## WORK TO BE COMPLETED
Begin at the line containing "INCOTEX インコテックス 秋冬" in the records below, end at the line containing "다캐릭 주간보스 계산기의", and retype each line in that span exactly. No other line and no image should appear.

** Opening TASK DATA block **

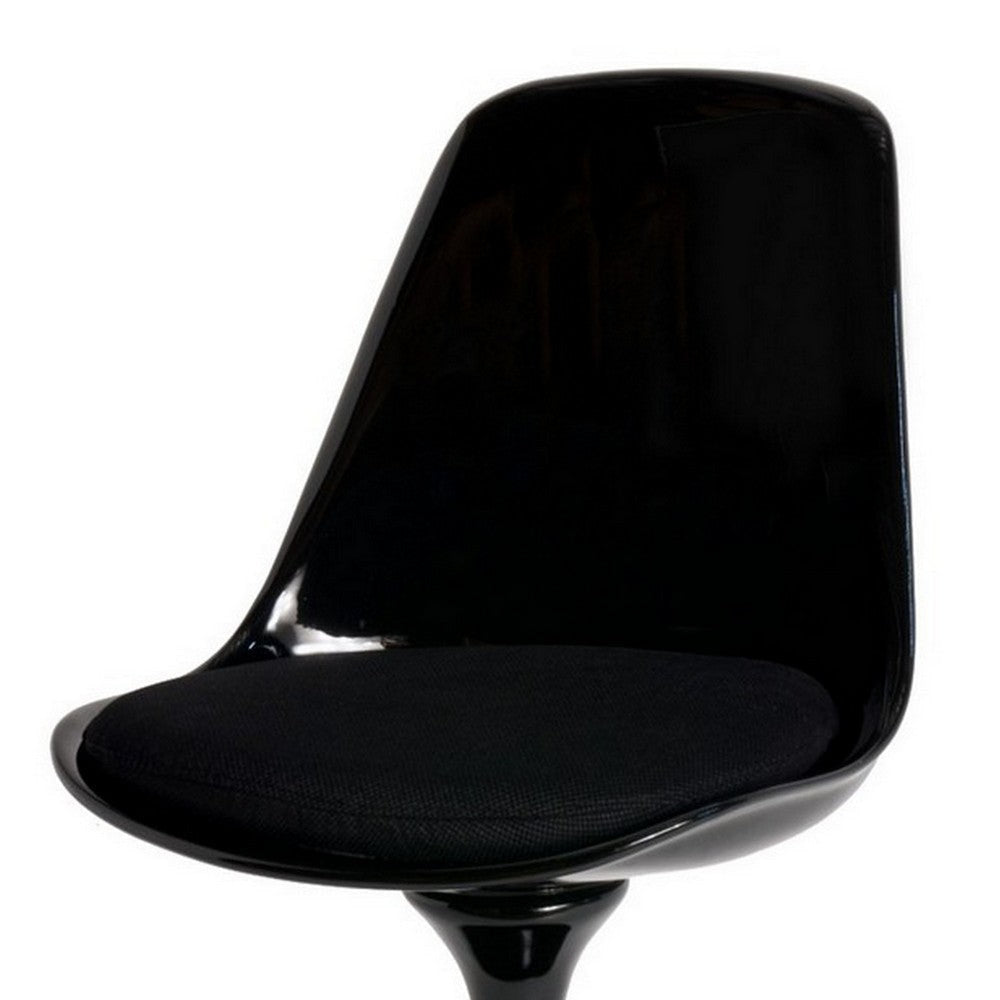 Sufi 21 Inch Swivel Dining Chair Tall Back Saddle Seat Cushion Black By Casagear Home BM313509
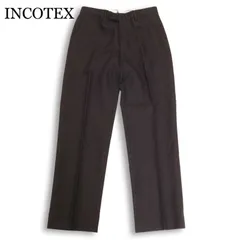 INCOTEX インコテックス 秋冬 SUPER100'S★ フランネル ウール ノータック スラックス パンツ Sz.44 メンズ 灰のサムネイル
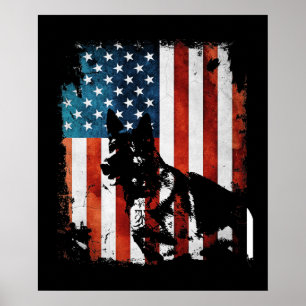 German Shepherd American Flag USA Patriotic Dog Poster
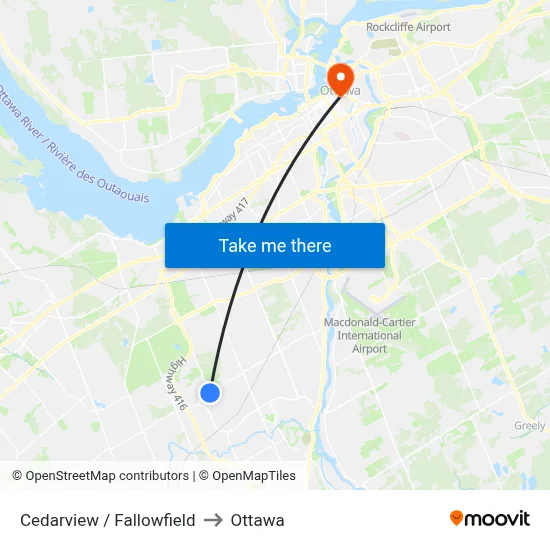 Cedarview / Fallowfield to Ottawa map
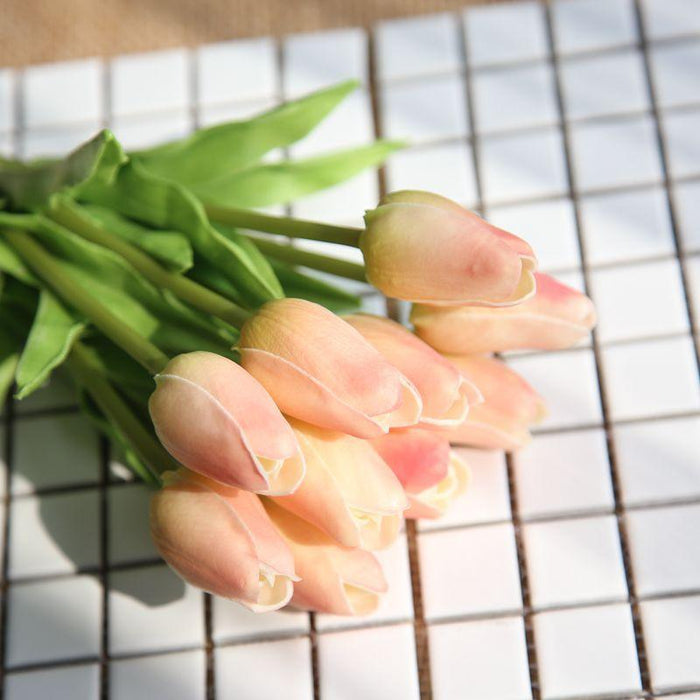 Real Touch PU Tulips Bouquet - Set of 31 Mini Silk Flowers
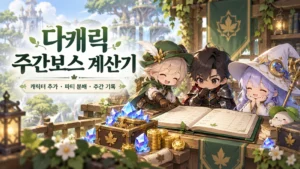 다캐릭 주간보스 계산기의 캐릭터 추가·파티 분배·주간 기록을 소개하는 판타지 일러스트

** Closing TASK DATA block **
** Opening TASK DATA block **

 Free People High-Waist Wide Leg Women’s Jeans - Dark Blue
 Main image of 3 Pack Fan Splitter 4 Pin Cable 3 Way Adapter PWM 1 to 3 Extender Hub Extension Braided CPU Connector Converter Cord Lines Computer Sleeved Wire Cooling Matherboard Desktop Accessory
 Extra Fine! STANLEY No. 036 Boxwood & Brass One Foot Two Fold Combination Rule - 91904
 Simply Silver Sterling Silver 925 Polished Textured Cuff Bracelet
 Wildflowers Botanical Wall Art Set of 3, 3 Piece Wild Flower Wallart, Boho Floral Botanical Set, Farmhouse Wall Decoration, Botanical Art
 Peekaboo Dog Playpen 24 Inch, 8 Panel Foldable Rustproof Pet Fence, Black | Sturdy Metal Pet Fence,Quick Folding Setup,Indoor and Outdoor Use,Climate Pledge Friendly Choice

** Closing TASK DATA block **
** Opening TASK DATA block **

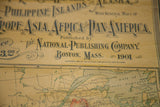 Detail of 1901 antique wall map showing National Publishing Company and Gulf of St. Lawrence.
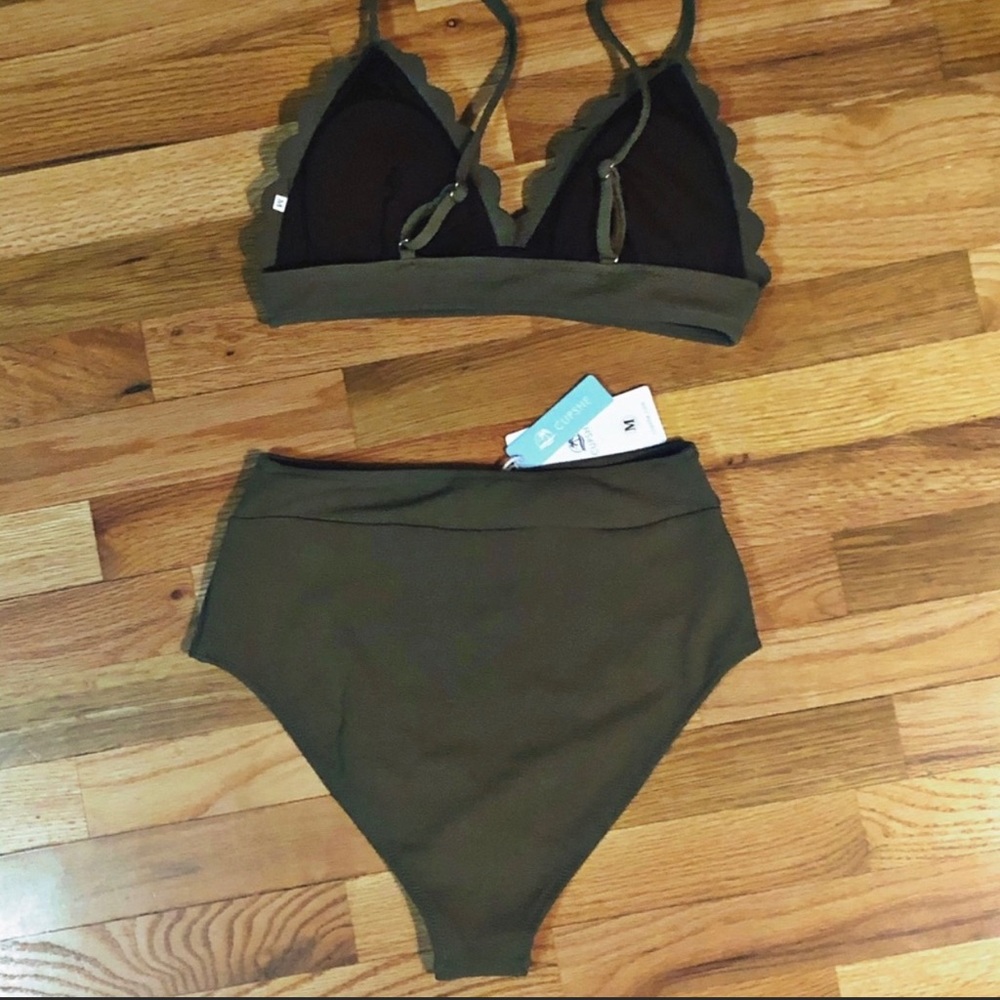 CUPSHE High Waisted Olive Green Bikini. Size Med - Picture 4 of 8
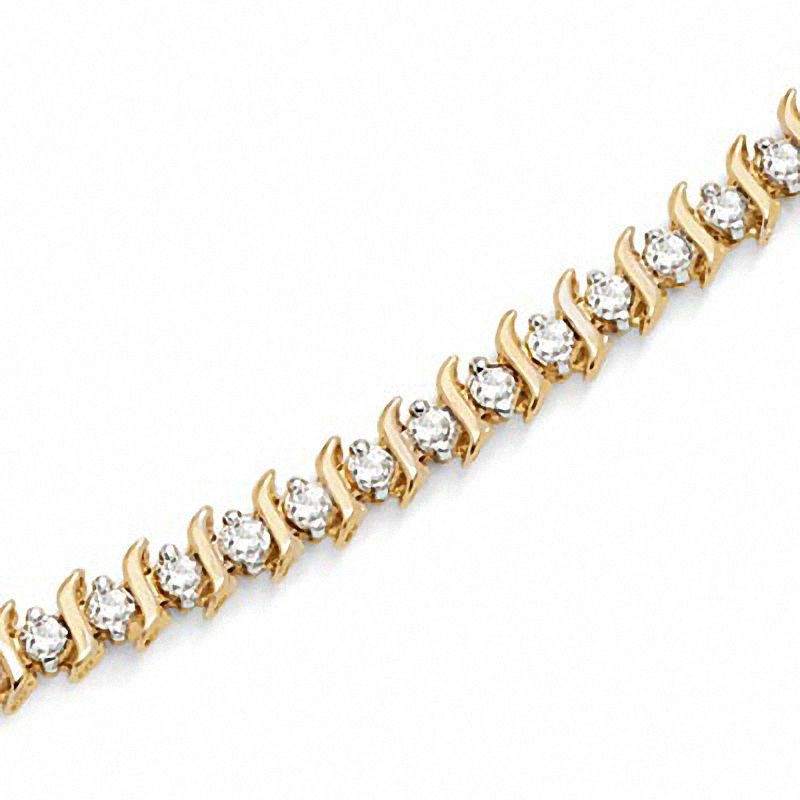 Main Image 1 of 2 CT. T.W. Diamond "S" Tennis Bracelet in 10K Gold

** Closing TASK DATA block **

## FINISHED TASK
 INCOTEX インコテックス 秋冬 SUPER100'S★ フランネル ウール ノータック スラックス パンツ Sz.44 メンズ 灰のサムネイル
 German Shepherd American Flag USA Patriotic Dog Poster
 Cedarview / Fallowfield to Ottawa map
 Real Touch PU Tulips Bouquet - Set of 31 Mini Silk Flowers
 다캐릭 주간보스 계산기의 캐릭터 추가·파티 분배·주간 기록을 소개하는 판타지 일러스트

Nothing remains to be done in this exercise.